In any ring $R$:product of non-unit and any element is non unit.

Question

My question may seem duplicate for :

Product of a non-unit with any other element

and

Can non-units be multiplied together to form units?

But these above don't give complete answer:

Because both of them , proved it in the case of commutative ring with unity , and for the case of non commutative ring with unity , they just gave example that there exists left inverse and right inverse.

Definition of unit: $a\in R$ is unit iff it has both left and right inverse.

So: $a\in R$ is non unit iff it doesn't have left or right inverse.

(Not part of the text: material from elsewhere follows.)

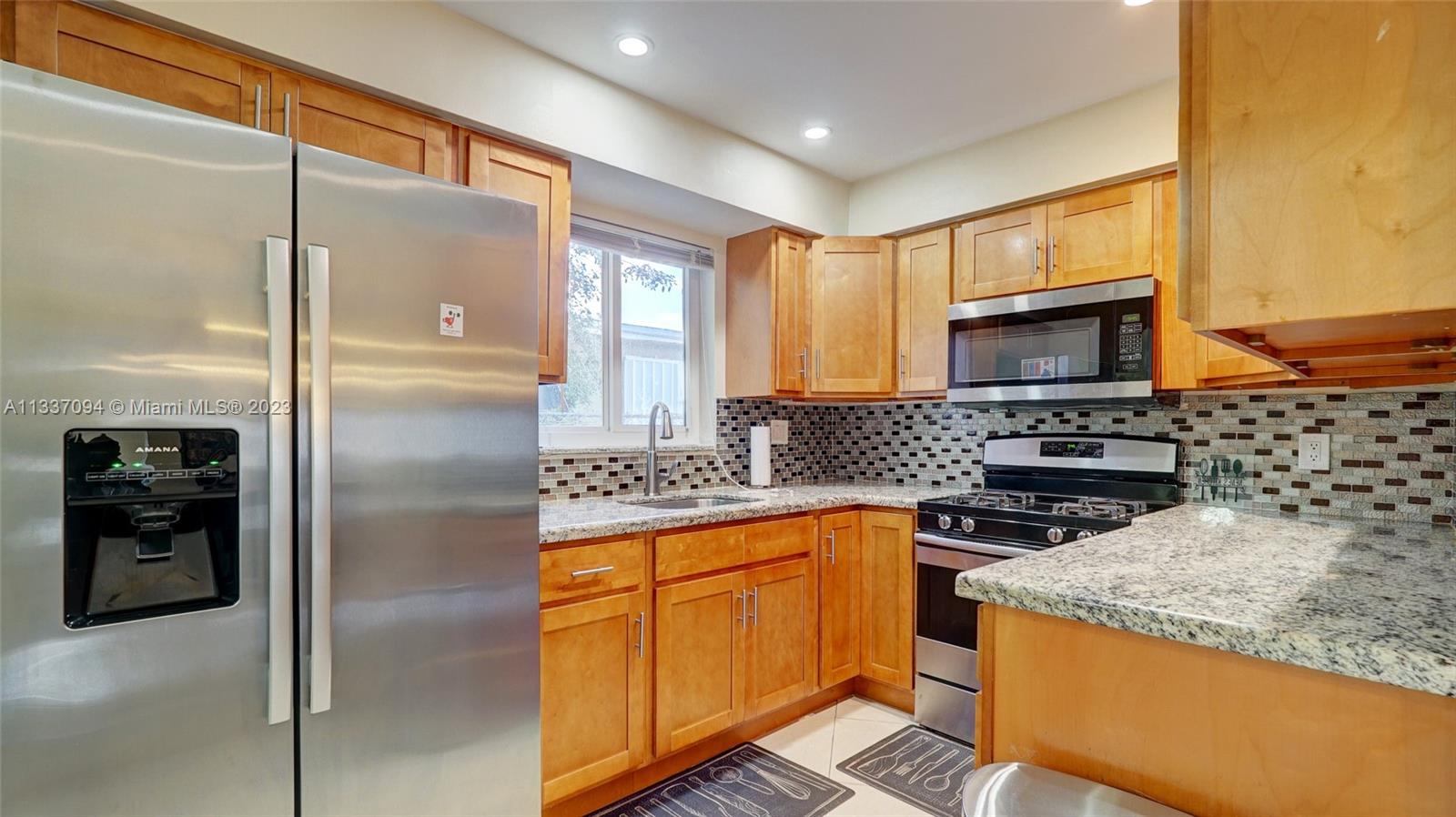PLAZA ESTATES 3RD SEC - Residential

Now my approach to problem:

Let $a\in R$ be non unit and let $b \in R$

case $1$: $b$ is unit:

For the sake of contradiction assume $ab$ is unit.

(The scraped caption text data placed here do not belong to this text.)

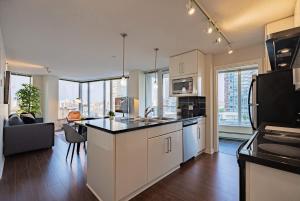 Luxury DT Vancouver Condo Skyline Views Parking
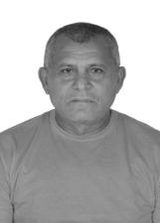 Professor Deca Nicácio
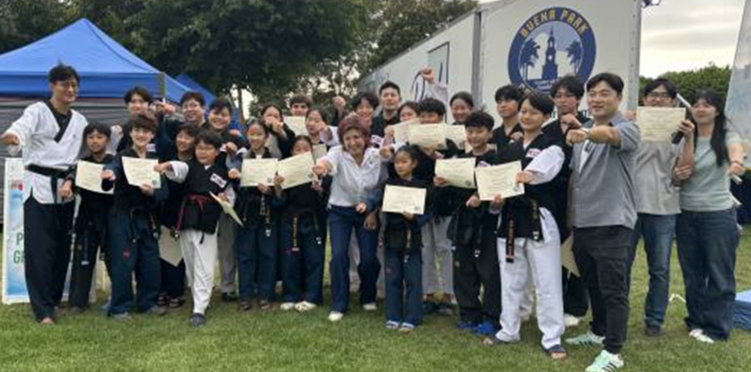 국기원 캘리포니아 지부(지부장 신용섭, 이하 가주 지부)가 부에나파크 시가 마련한 다문화 축제에서 태권 스토리 도장 관원들과 함께 품새, 격파 시범을 보이며 태권도를 알렸다. 지난달 27일 보이세랑 공원에서 진행된 태권도 시범 행사에서 조이스 안(앞줄 가운데 흰색 상의) 부에나파크 시장은 시범을 보인 청소년에게 시 명의 표창장을 전달했다. [국기원 가주 지부 제공]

then $\exists m \in R$ such that $(ab)m=1_{R}$ and $m(ab)=1_{R}$

which implies $a=(bm)^{-1}$ so $a$ is unit which is contradiction since $a$ is nonunit.

note:$(bm)^{-1}$ is unit because $b,m$ are units.

Case $2$: b is non unit:

For the sake of contradiction assume $ab$ is unit.

then $\exists m \in R$ such that $(ab)m=1_{R}$ and $m(ab)=1_{R}$

Now by associativity $a(bm)=1_{R}$ and $(ma)b=1_{R}$ which means $a$ has right inverse and b has left inverse.

But there is no contradiction until I also show $a$ has left inverse and $b$ has right inverse.

But I don't how to continue.

Can you , please , help me to continue solution?

Answer 1

Consider the abelian group $A=\Bbb Z^{\omega}$ of sequences of integers and let $R=\operatorname{End}(A)$ be its ring of endomorphisms.

For $f\in A$, define $D(f)$ per $$ D(f)(n)=f(n+1)$$ and $I(f)$ per $$ I(f)=\begin{cases}f(n-1)&n>0\\0&n=0\end{cases}$$ As $D$ is not injective and $I$ is not onto, $D$ cannot have a left inverse and $I$ cannot have a right inverse. So neither $D$ nor $I$ is a unit. But their product is a unit, in fact $D\circ I=\operatorname{id}_A$.